Lin Dawson

No. 87
- Position: Tight end

Personal information
- Born: June 24, 1959 (age 67) Norfolk, Virginia, U.S.
- Listed height: 6 ft 3 in (1.91 m)
- Listed weight: 240 lb (109 kg)

Career information
- High school: Kinston (Kinston, North Carolina)
- College: NC State
- NFL draft: 1981: 8th round, 212th overall pick

Career history
- New England Patriots (1981–1990); Detroit Lions (1991)*;
- * Offseason or practice squad member only

Awards and highlights
- New England Patriots All-1980s Team;

Career NFL statistics
- Receptions: 117
- Receiving yards: 1,233
- Receiving touchdowns: 8
- Stats at Pro Football Reference

= Lin Dawson =

American football player (born 1959)

James Linwood Dawson, legally changed to Lin Dawson in 1993 (born June 24, 1959), is an American former professional football player who was a tight end for the New England Patriots of the National Football League (NFL).
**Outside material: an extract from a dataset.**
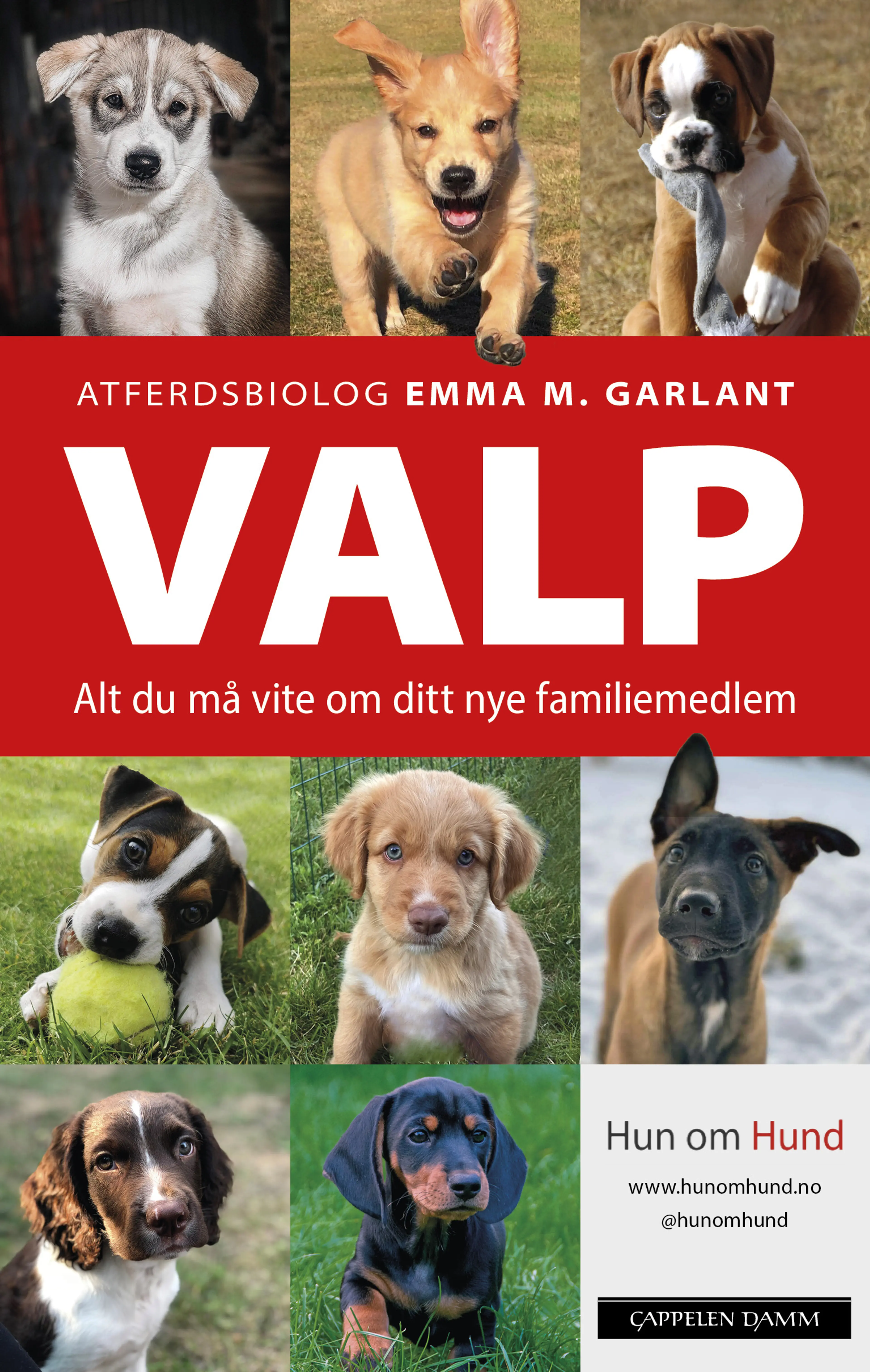 Omslag VALP av Emma M. Garlant (Innbundet)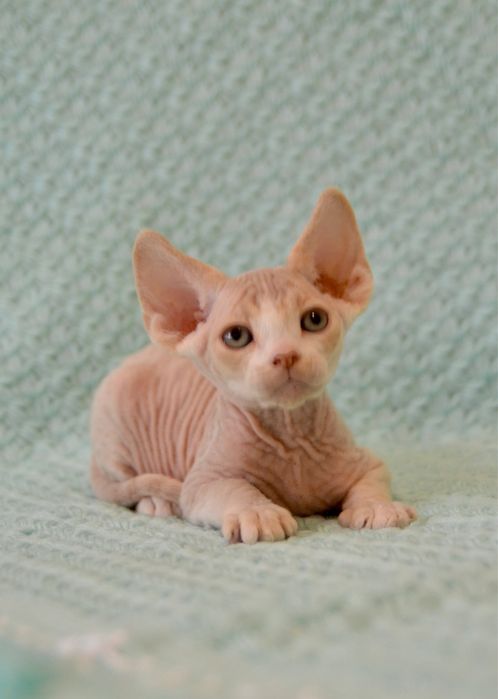 Котеня девон рекс хлопчик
He serves as the managing director of The Lin Dawson Organization, LLC.

Lin grew up in Kinston, North Carolina. After graduating from Kinston High School in 1977, he accepted a football scholarship from NC State University. In the 1981 NFL draft, he was selected by the New England Patriots in the eighth round with the 212th overall pick. He played ten years with the Patriots. A starter at tight end, Dawson suffered torn ligaments in his knee on the Patriots’ first offensive play from scrimmage in Super Bowl XX on an incomplete pass thrown to him by quarterback Tony Eason, causing him to miss not only the rest of the Super Bowl but the entire following 1986 season. He was a member of the New England Patriots ‘Team of the Decade-1980's.

During the 1987 NFL players strike, Dawson was the player representative for the New England Patriots.